:: DIRECTIONS FOR THIS TASK ::
Look at each line of the listing. Copy those that hold the string "brown".

══ RECORDED DATA ══

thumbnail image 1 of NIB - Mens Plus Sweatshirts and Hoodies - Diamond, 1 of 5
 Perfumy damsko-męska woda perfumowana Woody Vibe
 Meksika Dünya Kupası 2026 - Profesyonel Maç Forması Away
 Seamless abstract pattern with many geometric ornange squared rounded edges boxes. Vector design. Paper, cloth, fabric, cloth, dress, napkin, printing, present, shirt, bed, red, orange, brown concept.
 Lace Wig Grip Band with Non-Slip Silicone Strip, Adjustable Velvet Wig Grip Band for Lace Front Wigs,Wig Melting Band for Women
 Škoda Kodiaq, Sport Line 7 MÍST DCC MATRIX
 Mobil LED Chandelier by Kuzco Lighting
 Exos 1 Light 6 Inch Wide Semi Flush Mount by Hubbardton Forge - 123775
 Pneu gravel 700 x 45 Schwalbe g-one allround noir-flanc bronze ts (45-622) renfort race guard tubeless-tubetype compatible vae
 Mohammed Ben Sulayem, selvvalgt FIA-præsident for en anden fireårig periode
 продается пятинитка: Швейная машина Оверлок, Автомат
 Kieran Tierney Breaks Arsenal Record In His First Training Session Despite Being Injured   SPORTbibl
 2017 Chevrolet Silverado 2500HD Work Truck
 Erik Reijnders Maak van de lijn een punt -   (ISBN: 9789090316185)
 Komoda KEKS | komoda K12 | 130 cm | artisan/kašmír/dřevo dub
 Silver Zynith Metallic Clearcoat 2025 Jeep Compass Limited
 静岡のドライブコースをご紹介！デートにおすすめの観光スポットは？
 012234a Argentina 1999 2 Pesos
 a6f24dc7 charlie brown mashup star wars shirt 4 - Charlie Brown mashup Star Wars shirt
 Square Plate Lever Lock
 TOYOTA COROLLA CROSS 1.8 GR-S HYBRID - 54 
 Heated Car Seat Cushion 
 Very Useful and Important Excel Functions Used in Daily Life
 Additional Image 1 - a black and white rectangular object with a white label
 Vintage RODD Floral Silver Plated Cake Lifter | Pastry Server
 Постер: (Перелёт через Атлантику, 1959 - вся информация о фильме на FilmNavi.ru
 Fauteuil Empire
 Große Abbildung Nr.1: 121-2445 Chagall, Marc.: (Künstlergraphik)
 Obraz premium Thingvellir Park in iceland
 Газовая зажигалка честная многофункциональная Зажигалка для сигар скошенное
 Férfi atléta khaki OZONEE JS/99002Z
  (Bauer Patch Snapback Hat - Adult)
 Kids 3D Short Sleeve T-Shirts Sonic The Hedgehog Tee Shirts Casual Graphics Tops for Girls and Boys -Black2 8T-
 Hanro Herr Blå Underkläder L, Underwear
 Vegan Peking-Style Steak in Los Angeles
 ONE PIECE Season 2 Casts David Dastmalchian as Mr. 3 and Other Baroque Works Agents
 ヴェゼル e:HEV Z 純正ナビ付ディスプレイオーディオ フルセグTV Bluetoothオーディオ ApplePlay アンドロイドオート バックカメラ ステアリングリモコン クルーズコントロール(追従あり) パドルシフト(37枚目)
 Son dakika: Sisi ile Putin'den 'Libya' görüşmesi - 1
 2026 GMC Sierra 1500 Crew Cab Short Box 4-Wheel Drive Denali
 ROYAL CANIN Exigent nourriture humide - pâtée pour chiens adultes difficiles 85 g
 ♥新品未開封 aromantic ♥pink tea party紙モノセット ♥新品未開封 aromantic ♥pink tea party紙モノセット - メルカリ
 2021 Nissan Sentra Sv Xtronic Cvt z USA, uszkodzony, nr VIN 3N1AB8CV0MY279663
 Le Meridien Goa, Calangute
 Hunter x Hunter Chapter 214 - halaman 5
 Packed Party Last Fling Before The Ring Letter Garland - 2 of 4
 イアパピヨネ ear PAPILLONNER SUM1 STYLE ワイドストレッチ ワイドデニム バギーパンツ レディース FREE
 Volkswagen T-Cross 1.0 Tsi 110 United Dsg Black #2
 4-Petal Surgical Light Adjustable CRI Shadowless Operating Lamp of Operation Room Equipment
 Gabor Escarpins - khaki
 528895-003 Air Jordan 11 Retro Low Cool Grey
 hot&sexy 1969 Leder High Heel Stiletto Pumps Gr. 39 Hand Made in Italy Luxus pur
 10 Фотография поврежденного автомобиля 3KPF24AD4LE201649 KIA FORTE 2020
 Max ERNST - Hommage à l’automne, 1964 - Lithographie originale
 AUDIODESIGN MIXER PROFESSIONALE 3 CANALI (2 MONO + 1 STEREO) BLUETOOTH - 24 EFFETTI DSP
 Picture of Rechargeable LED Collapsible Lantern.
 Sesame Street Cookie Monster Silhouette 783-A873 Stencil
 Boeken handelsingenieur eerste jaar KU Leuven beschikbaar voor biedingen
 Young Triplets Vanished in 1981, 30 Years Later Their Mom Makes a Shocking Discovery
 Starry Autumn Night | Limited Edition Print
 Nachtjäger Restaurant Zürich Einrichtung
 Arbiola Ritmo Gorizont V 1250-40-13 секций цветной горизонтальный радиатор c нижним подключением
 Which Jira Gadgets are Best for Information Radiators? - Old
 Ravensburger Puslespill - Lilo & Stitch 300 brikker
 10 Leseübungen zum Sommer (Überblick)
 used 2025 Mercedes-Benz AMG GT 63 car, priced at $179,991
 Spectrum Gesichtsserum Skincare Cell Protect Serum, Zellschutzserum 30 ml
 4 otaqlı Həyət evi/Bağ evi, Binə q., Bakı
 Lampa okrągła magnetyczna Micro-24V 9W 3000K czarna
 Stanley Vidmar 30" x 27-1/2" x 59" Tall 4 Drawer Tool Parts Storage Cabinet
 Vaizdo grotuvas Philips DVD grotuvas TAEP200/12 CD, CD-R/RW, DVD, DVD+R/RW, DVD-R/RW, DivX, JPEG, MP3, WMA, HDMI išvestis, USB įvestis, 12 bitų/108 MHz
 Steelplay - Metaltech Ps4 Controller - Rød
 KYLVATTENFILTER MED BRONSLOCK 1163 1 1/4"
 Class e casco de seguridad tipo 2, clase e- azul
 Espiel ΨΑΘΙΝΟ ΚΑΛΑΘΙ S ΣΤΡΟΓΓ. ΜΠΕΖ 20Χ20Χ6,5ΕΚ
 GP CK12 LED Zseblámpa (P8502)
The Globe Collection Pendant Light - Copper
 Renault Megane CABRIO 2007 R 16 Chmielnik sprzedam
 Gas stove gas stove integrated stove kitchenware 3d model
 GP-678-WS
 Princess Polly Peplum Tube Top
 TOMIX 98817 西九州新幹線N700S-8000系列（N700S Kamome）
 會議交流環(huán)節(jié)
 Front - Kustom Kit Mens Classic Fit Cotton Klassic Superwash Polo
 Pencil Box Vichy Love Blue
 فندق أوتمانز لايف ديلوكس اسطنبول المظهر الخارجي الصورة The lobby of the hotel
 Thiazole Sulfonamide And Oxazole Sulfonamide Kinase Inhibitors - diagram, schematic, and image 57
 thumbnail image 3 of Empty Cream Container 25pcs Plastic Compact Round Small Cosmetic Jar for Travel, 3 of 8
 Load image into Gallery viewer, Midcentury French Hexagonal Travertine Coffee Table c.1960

═══

:: RESULT ::
 Seamless abstract pattern with many geometric ornange squared rounded edges boxes. Vector design. Paper, cloth, fabric, cloth, dress, napkin, printing, present, shirt, bed, red, orange, brown concept.
 a6f24dc7 charlie brown mashup star wars shirt 4 - Charlie Brown mashup Star Wars shirt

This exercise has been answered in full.